[Start of Attachment]

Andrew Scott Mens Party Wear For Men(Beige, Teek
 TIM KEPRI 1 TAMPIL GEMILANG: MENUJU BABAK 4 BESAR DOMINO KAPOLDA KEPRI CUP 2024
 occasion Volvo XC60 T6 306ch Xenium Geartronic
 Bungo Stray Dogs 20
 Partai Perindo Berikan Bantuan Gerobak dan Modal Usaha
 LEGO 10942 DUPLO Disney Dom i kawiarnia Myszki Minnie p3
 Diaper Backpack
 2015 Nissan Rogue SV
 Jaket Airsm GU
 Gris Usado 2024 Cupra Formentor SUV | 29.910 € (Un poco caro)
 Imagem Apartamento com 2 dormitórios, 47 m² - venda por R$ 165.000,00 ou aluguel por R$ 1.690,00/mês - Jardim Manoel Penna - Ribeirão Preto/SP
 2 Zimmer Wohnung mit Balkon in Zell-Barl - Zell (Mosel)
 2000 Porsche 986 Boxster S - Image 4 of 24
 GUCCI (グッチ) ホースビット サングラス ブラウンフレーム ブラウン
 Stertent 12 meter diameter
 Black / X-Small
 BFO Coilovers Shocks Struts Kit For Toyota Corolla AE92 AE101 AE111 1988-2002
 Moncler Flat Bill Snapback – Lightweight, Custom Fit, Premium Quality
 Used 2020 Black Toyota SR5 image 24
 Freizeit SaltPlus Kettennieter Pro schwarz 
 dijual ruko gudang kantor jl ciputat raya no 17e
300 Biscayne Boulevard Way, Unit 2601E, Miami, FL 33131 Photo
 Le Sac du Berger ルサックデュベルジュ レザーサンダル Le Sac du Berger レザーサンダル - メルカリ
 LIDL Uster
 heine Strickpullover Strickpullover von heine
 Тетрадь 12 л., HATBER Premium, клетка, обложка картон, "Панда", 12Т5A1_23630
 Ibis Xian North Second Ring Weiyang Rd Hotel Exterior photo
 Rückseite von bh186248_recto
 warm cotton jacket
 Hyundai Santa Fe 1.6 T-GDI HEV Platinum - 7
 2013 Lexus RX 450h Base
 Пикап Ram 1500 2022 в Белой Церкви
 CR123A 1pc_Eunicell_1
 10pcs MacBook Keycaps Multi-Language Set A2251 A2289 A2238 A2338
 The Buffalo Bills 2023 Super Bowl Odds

[End of Attachment]

DIRECTIONS
Starting at the line that contains "Le Sac du Berger ルサックデュベルジュ", retype every line through the end of the records exactly, and nothing else.

RESULT OF THE TASK
 Le Sac du Berger ルサックデュベルジュ レザーサンダル Le Sac du Berger レザーサンダル - メルカリ
 LIDL Uster
 heine Strickpullover Strickpullover von heine
 Тетрадь 12 л., HATBER Premium, клетка, обложка картон, "Панда", 12Т5A1_23630
 Ibis Xian North Second Ring Weiyang Rd Hotel Exterior photo
 Rückseite von bh186248_recto
 warm cotton jacket
 Hyundai Santa Fe 1.6 T-GDI HEV Platinum - 7
 2013 Lexus RX 450h Base
 Пикап Ram 1500 2022 в Белой Церкви
 CR123A 1pc_Eunicell_1
 10pcs MacBook Keycaps Multi-Language Set A2251 A2289 A2238 A2338
 The Buffalo Bills 2023 Super Bowl Odds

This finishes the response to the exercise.